Visual and semantic context modeling for scene-centric image annotation

Research paper by Mohsen Zand, Shyamala Doraisamy, Alfian Abdul Halin, Mas Rina Mustaffa

Indexed on: 07 Apr '16Published on: 06 Apr '16Published in: Multimedia Tools and Applications


Automatic image annotation enables efficient indexing and retrieval of the images in the large-scale image collections, where manual image labeling is an expensive and labor intensive task. This paper proposes a novel approach to automatically annotate images by coherent semantic concepts learned from image contents.

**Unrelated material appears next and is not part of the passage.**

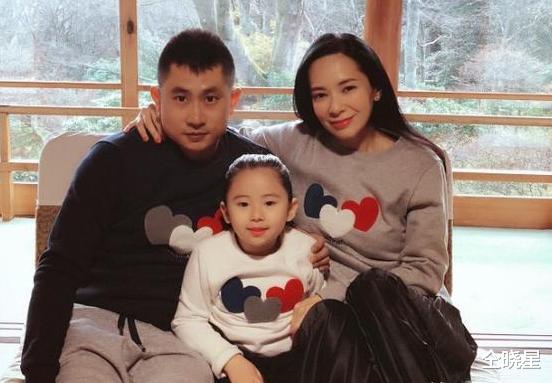 郭羡妮|郭羡妮：混血港姐嫁河南农村，“倒贴”丈夫3套房，将公婆当孩子宠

It exploits sub-visual distributions from each visually complex semantic class, disambiguates visual descriptors in a visual context space, and assigns image annotations by modeling image semantic context. The sub-visual distributions are discovered through a clustering algorithm, and probabilistically associated with semantic classes using mixture models. The clustering algorithm can handle the inner-category visual diversity of the semantic concepts with the curse of dimensionality of the image descriptors. Hence, mixture models that formulate the sub-visual distributions assign relevant semantic classes to local descriptors. To capture non-ambiguous and visual-consistent local descriptors, the visual context is learned by a probabilistic Latent Semantic Analysis (pLSA) model that ties up images and their visual contents. In order to maximize the annotation consistency for each image, another context model characterizes the contextual relationships between semantic concepts using a concept graph. Therefore, image labels are finally specialized for each image in a scene-centric view, where images are considered as unified entities. In this way, highly consistent annotations are probabilistically assigned to images, which are closely correlated with the visual contents and true semantics of the images. Experimental validation on several datasets shows that this method outperforms state-of-the-art annotation algorithms, while effectively captures consistent labels for each image.